These sentences are an interesting exercise in prose. They’re written on a plane that’s as fragile as fiberglass and with the same rarifying quality. It’s peaky and breathless in a faint sort of way – commas are used where periods ought normally to be, and the sentences run close behind each other, clawing at and butting into each other as if trying to keep up and keep from being torn apart. (So many in her family have left – were arrested; died.) What might have been a nuisance for us as readers and a pretension on her part instead provokes empathy: it’s the same desperation her characters endure.

At other points her writing feels cinematic with the short, choppy fragments that relay an ordinary thing or action, much like an extra tight shot in a movie tries to bring its images in line with how our brains process what our eyes and ears are communicating to us.

A day on which a life comes to an end is still far from being the end of days.

Our own personal fates cannot be altered. After our deaths there are yet others who live on to eat the fruit we bought that has not yet ripened. The End of Days balks at the idea that a life could contain Auschwitz and Stalin’s show trials as parts to its history while also giving space to a market that offers thirty kinds of cheeses.
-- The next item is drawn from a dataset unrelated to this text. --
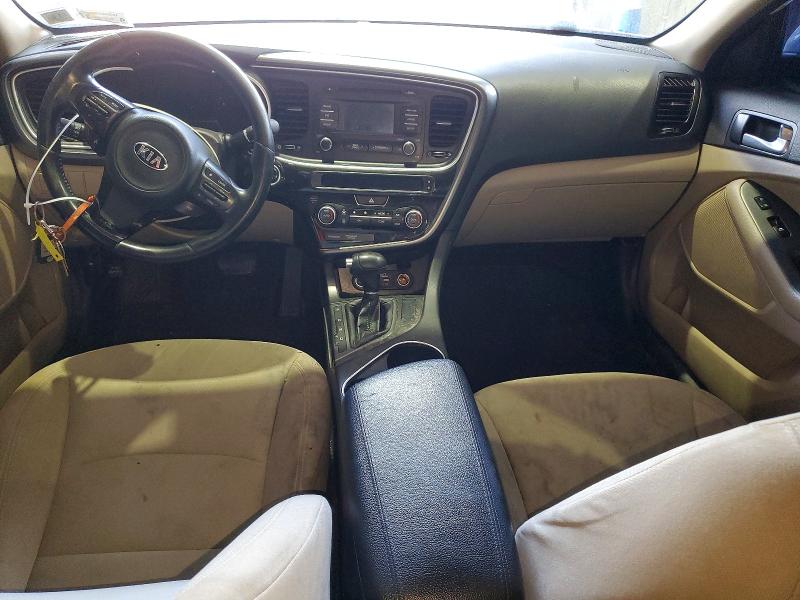 2015 Kia Optima hybrid VIN KNAGM4AD7F5086119 COPART salvage auction — MECHANICAL, NY - AFFIRMATION OF REPOSSESSION, sold $250 on 2026-07-07 (photo 8)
The Galician woman is a dead infant girl at the start of Erpenbeck’s novel. She’s a 90-year-old woman with dementia at its end, and somewhere in the middle she’s also a whore, a daughter to a man who left his family behind, a celebrated Communist writer, a dangerous Communist writer (always this back-and-forth), a wife (widow) to a man who fills a quota.

Thirty kinds of cheeses looks a little too much for her. It’s very Good Bye, Lenin!
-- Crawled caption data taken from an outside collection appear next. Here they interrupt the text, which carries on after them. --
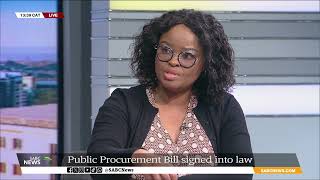 Significance and implications of Public Procurement Bill being signed into law: Kamogelo Mampane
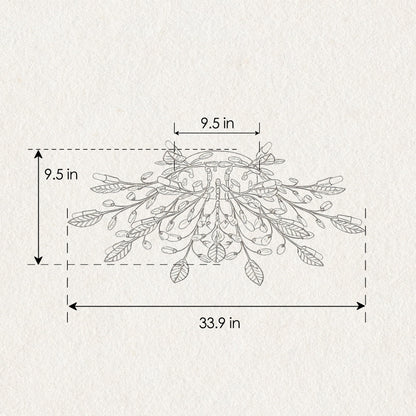 15-Light Crystal Chandelier ceiling lamp by HouseOfZazla, 33.9in wide on Tampa Home & Garden Store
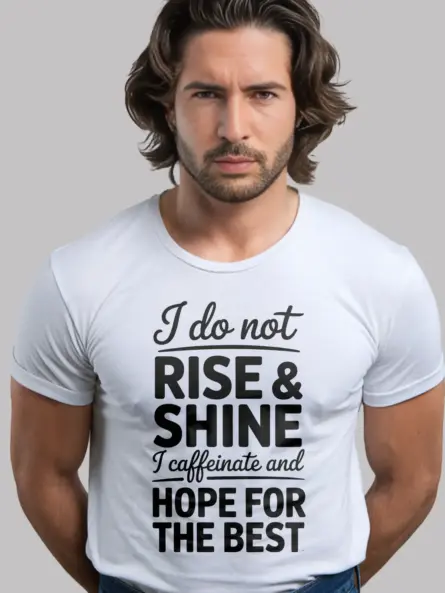 white Front View Sarcastic Not a Morning Person Coffee Shirt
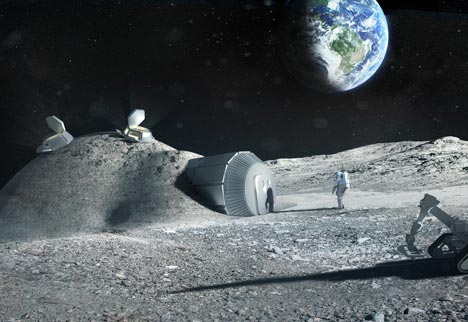 Foster + Partners to 3D print buildings on the moon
Erpenbeck pulls child’s memories through to the end of her novel – the memories that the heartbroken girl had of a class where her work was deemed sloppy and shoddy, for instance, or the words her grandmother spoke when she moved to Vienna, or a small box with the golden buttons of a civil servant’s uniform – and she writes always in the present tense, giving her story a constant immediacy that allows 1900 to butt up against 1990 and for Kaiser Wilhelm to proffer his hand to Helmut Kohl.

The End of Days is a gray, ragged novel; we might even say sloppy and shoddy if it weren’t for Erpenbeck’s constant attention to the edges of her story: it’s a story that could easily have run away from her with unfinished hems and trailing tatters that connect to nothing. But Erpenbeck knew how far to push the life she wrote and knew when to ground her words so that they always said something and never became unreadable pretension. The End of Days is a gray, ragged novel and it ought to be so: the history it gives is a gray, ragged history that can’t quite be pinned down.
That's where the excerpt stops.